* [RECORDED INFORMATION]:

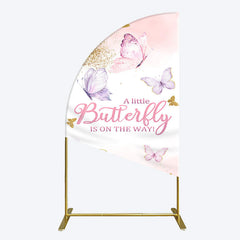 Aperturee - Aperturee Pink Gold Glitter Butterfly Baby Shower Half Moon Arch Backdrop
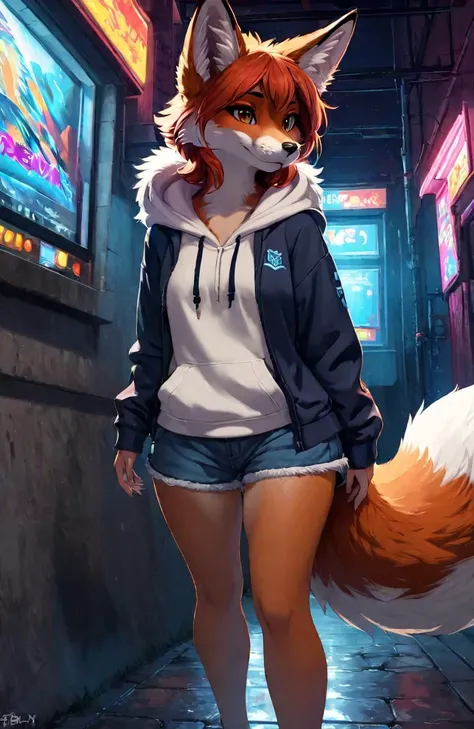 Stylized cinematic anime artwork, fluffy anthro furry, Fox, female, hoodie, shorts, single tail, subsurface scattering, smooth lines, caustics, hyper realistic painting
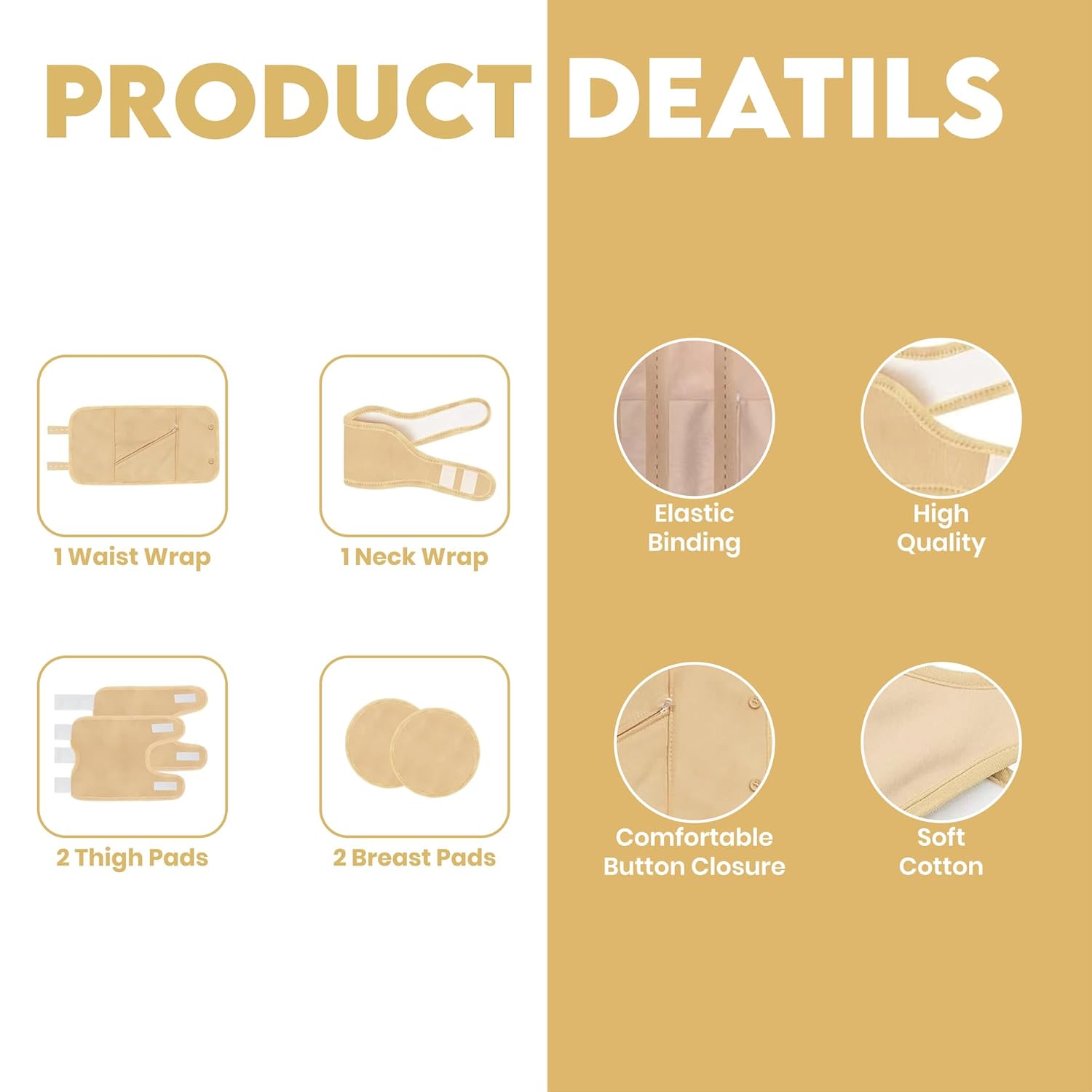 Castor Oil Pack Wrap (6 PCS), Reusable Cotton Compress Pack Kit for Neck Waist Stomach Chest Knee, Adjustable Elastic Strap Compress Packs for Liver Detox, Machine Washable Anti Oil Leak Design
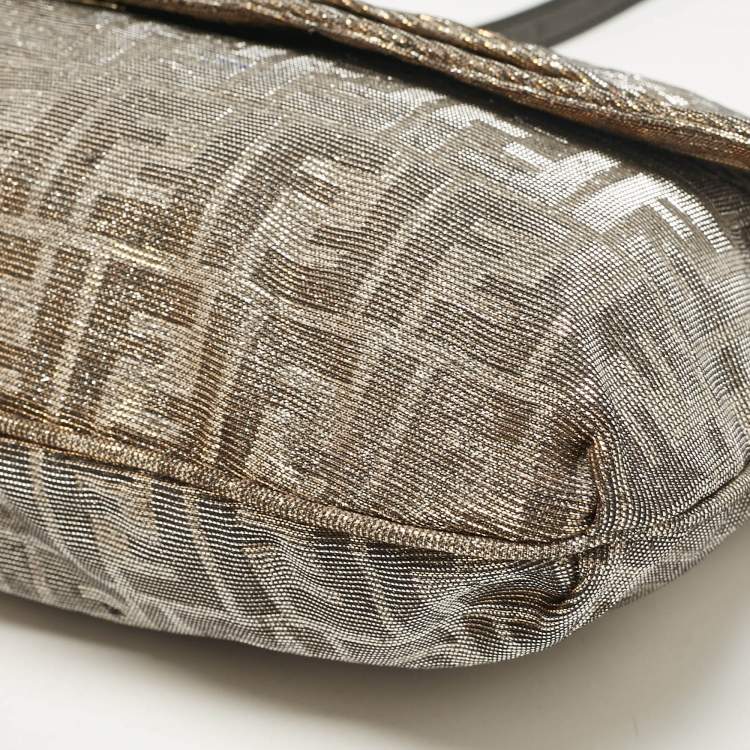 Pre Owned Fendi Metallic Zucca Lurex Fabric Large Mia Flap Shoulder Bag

* [WORK ORDER]: Give an exact copy of the listing above that leaves out every picture.

* [OUTPUT FOR THIS EXERCISE]:
 Aperturee - Aperturee Pink Gold Glitter Butterfly Baby Shower Half Moon Arch Backdrop
 Stylized cinematic anime artwork, fluffy anthro furry, Fox, female, hoodie, shorts, single tail, subsurface scattering, smooth lines, caustics, hyper realistic painting
 Castor Oil Pack Wrap (6 PCS), Reusable Cotton Compress Pack Kit for Neck Waist Stomach Chest Knee, Adjustable Elastic Strap Compress Packs for Liver Detox, Machine Washable Anti Oil Leak Design
 Pre Owned Fendi Metallic Zucca Lurex Fabric Large Mia Flap Shoulder Bag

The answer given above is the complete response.